La limitación del régimen de visitas a niños en separaciones es de una sensatez cristalina que la política ha despreciado durante demasiado tiempo. La protección efectiva de las mujeres agredidas que logran separarse es también uno de esos capítulos deficitarios que el Gobierno Zapatero se encamina a estructurar. No es baladí. La mayoría de las mujeres asesinadas son quemadas, acuchilladas, atropelladas, tiroteadas o asfixiadas en el transcurso de procesos de separación. A un agresor sistemático no hay orden de alejamiento que le detenga. Salvo que se encuentre con el muro de la Policía o de la reclusión. Eso le detiene, no por voluntad, sino por contención. Por contención de una sociedad que protege a sus ciudadanas.

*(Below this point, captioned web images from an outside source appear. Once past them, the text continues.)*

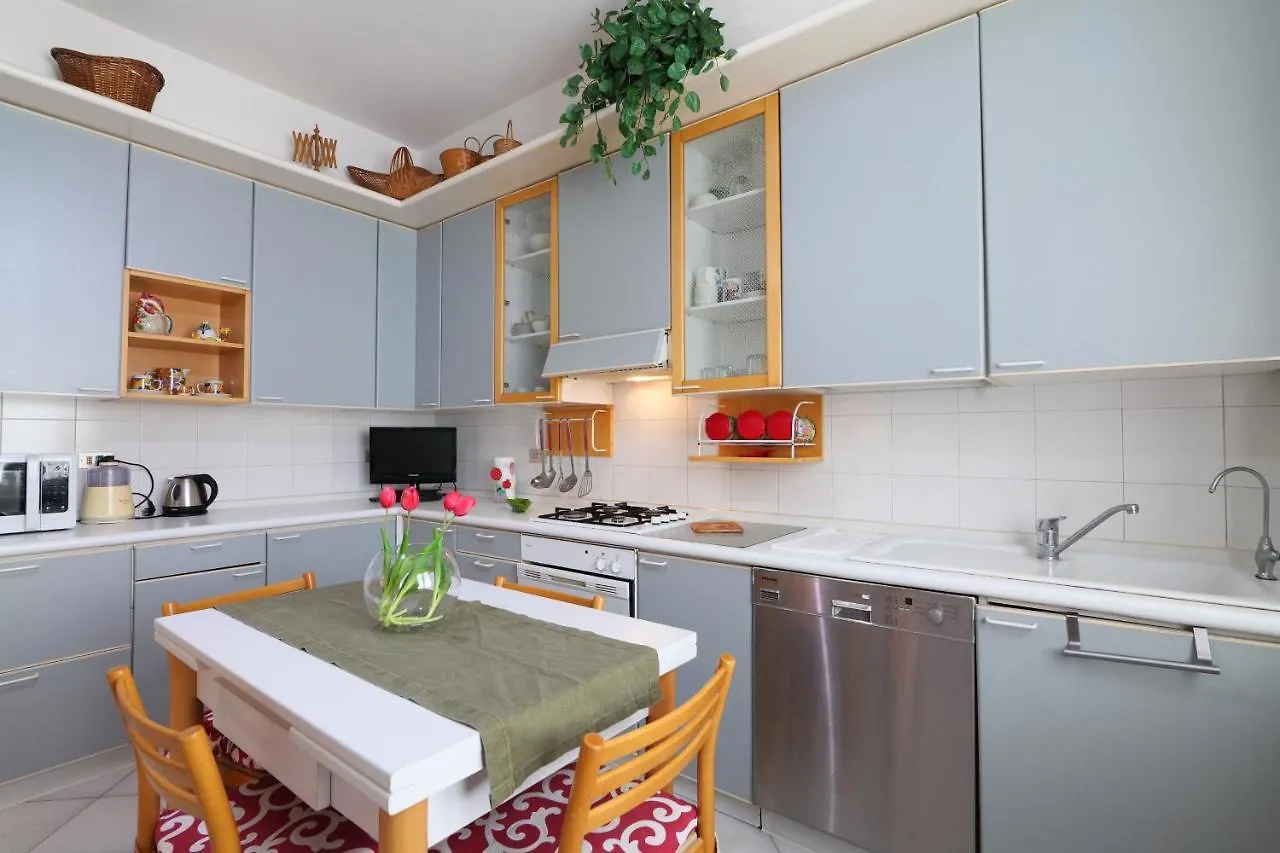 Primopiano - Savona 110 Apartment Milan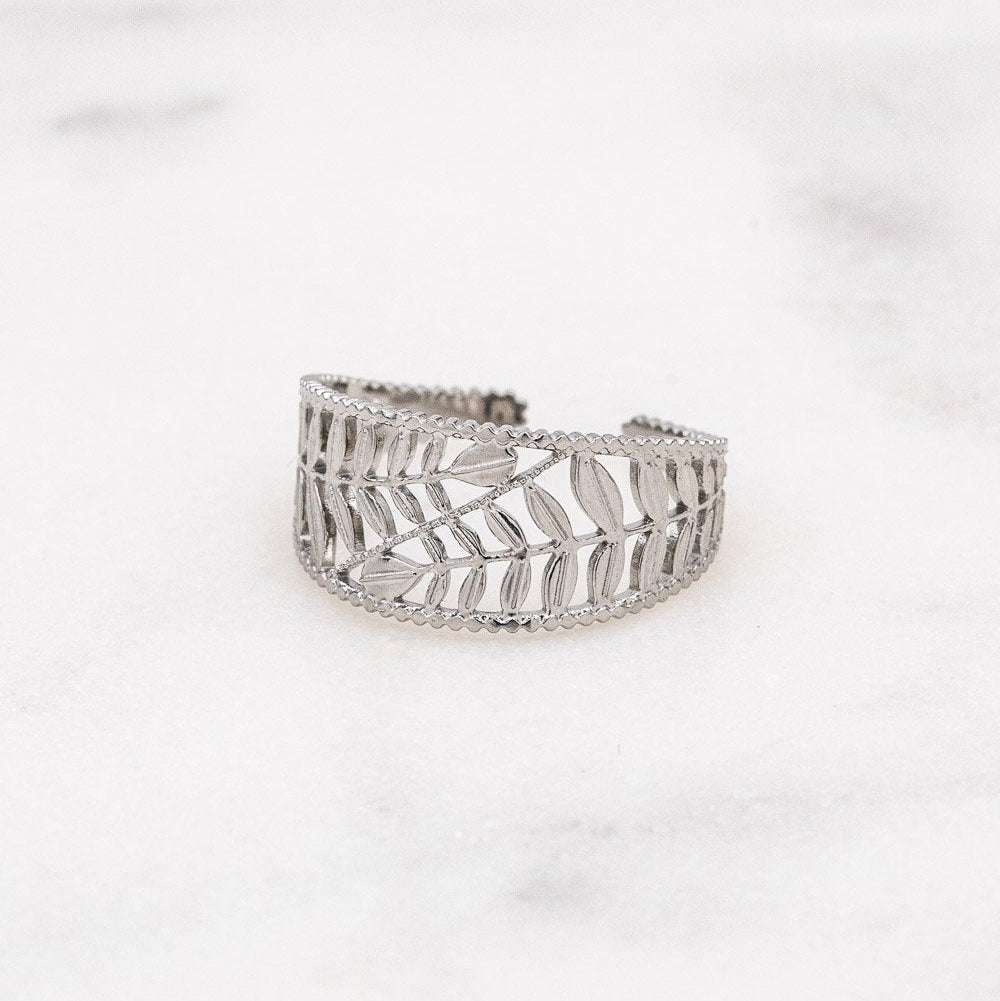 TWIG Ring - Maison Numéro 12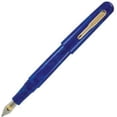 thumbnail image 1 of Conklin All American Blue-Lapis Fountain Pen - Extra Fine, 1 of 9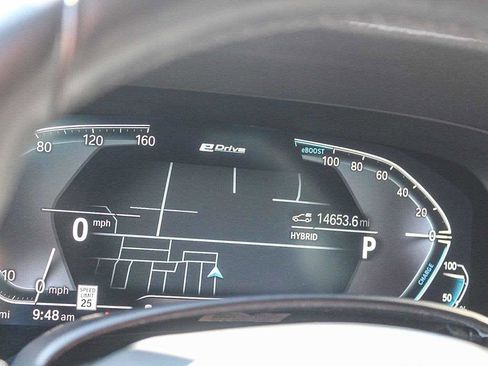 Certified 2023 BMW X5 xDrive45e w/ M Sport Package image 33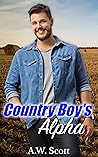 Country Boy's Alpha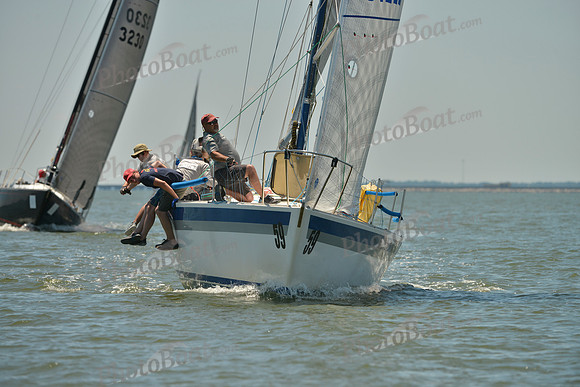 2017 Southern Bay Race Week A_1599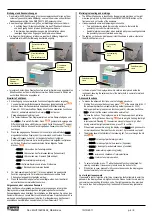 Preview for 4 page of LOVATO ELECTRIC DME D300T2 MID Instruction Manual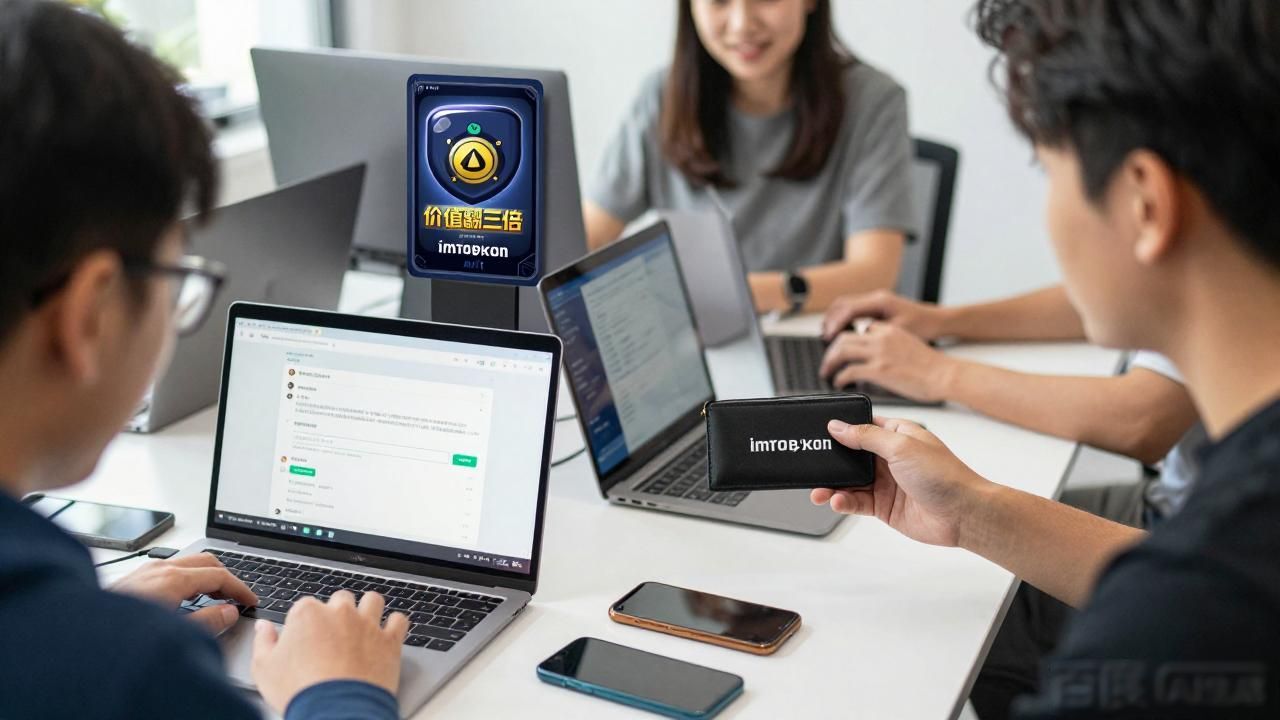 钱包项目现在倒闭多少了_钱包产品_成功案例：利用imtoken官网版钱包进行投资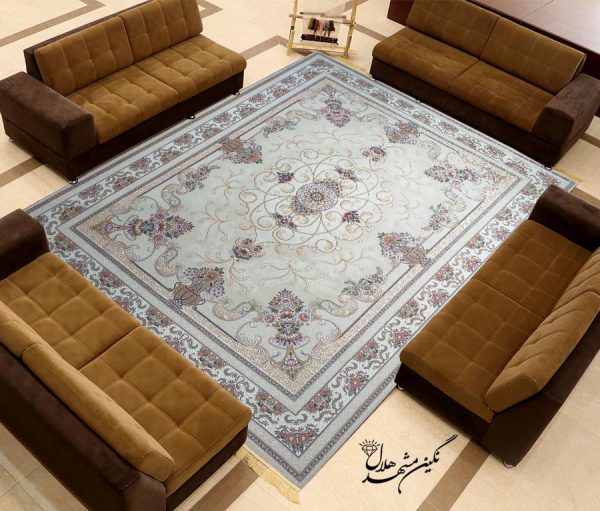 طرح مهیا زمینه کرم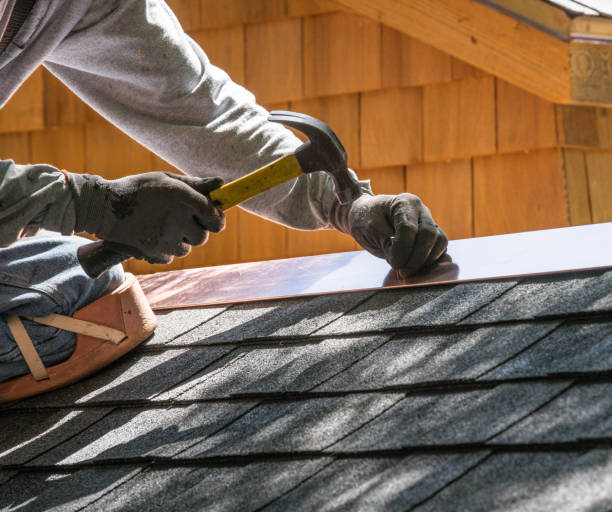 Best Commercial Roofing Services  in Nixon, TX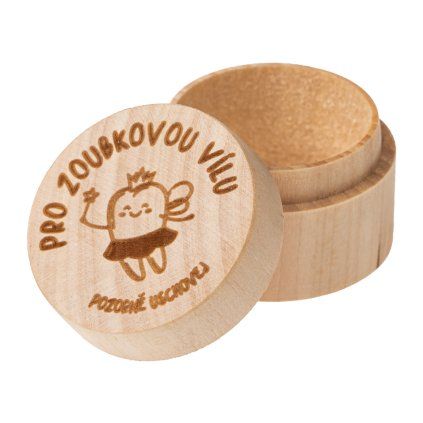 10442 drevena krabicka zoubkova vila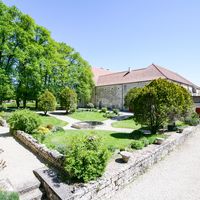 Abbaye de Reigny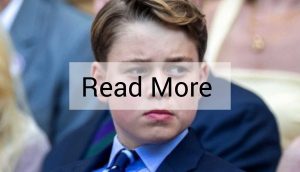 Prince George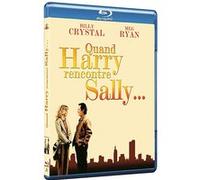 Quand Harry rencontre Sally Blu-ray E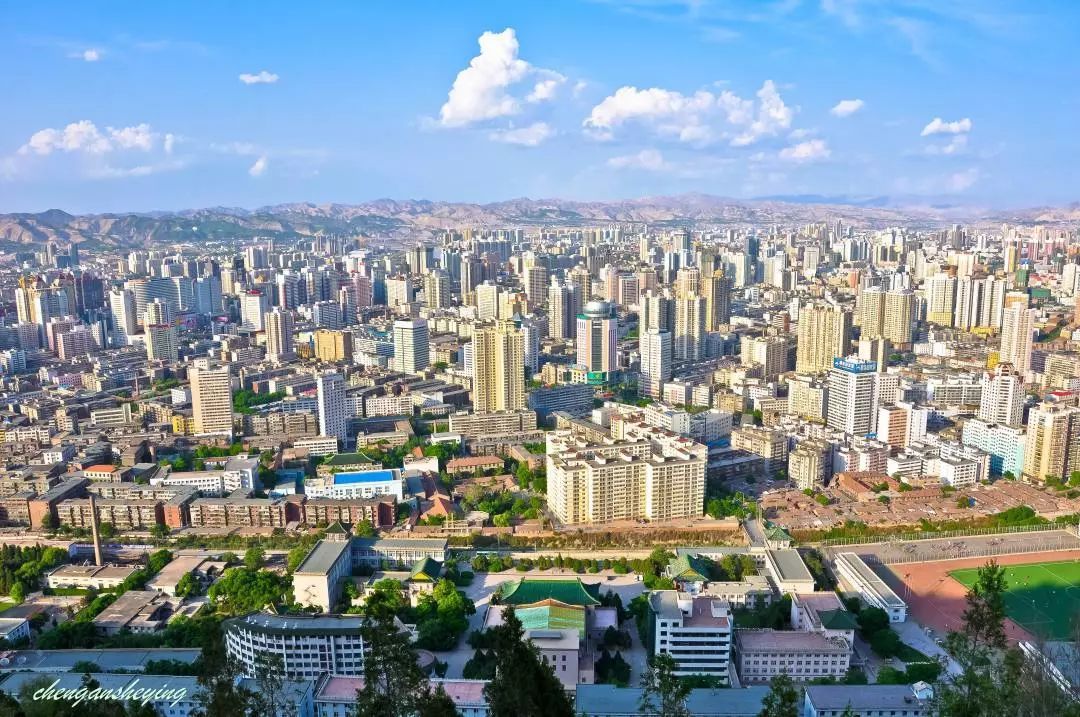 中国十大城市排名！结果大吃—惊！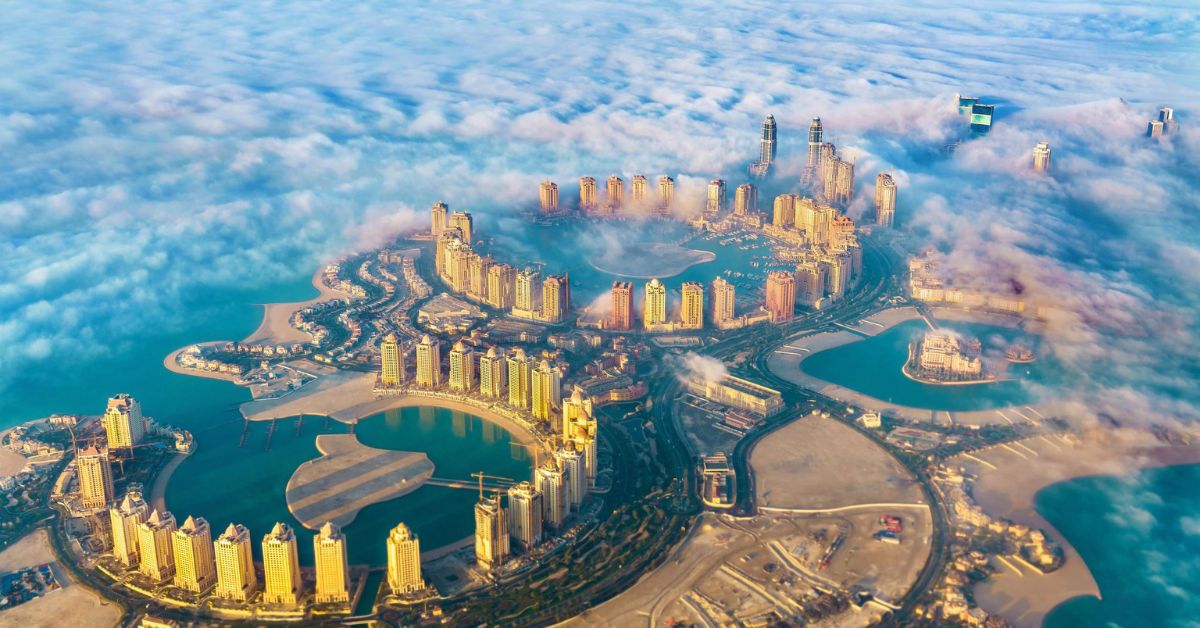 Turkish Airlines Doha Sales Office in Qatar 1-833-617-0748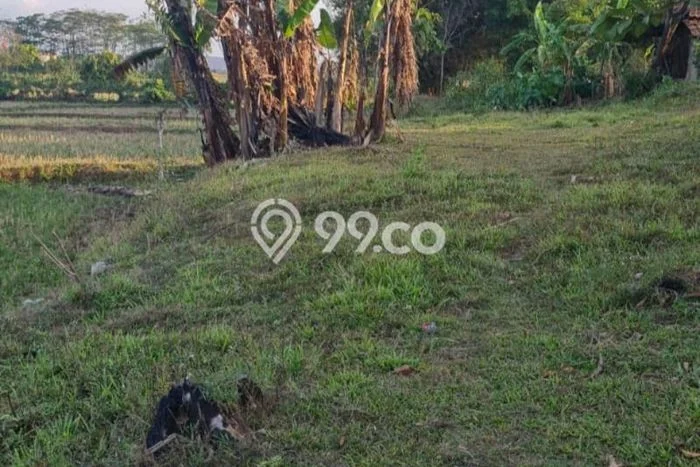 Dijual Tanah 4500m2 di Cikarang, Bekasi Dijual Tanah 4500m2 di Cikarang, Bekasi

Un asunto muy pendiente todavía, que debería abordar claramente la ley integral prometida, es el relativo a la reinserción de los agresores sistemáticos de mujeres. Digo reinserción y no rehabilitación. No son enfermos, sino delincuentes condenados los menos y presuntos los más. La observación científica rigurosa lo confirma hasta quedarse afónica. El 95% por ciento de los agresores de mujeres no sufren padecimiento o psicopatología que condicione su responsabilidad criminal por su violencia. De ahí que los pretendidos programas de reeducación escolar, alguna vez propuestos y basados en conferencias temáticas, sean una broma macabra. Una pincelada más de amarga sorna a añadir a la violencia. Puedo garantizarles que algunos de los agresores que acuden a esos programas escolares realmente aprenden, pero a continuar maltratando con mayores índices de eficiencia.
La reinserción de agresores debe existir. La Constitución de 1978 garantiza que el sistema de justicia penal tenga vocación de reinserción de los desviados que agraden a otro ser humano. Nuestro sistema penal no es retributivo. Precisamente por su horizonte de reinserción, es el mejor escenario para la reincorporación de los maltratadores a la sociedad. La justicia penal. Dispone de medios de verificación, antes del juicio, para determinar si un maltratador padece alguna psicopatología que condicione su responsabilidad criminal. Psiquiatras y psicólogos forenses se encargan de asesorar a los jueces en ello. Noventa y cinco de cada cien criminales agresores de mujeres están en condiciones de ser declarados totalmente culpables de sus delitos. Después, en los supuestos de reclusión, un programa planificado de reinserción con cargo al presupuesto penitenciario. Programas de reinserción con componentes de psicoterapia y la adecuada orientación de género determinados a deconstruir, a desaprender, los esquemas mentales que han venido sosteniendo la dedicación a la violencia y al sometimiento de otra persona en ese individuo.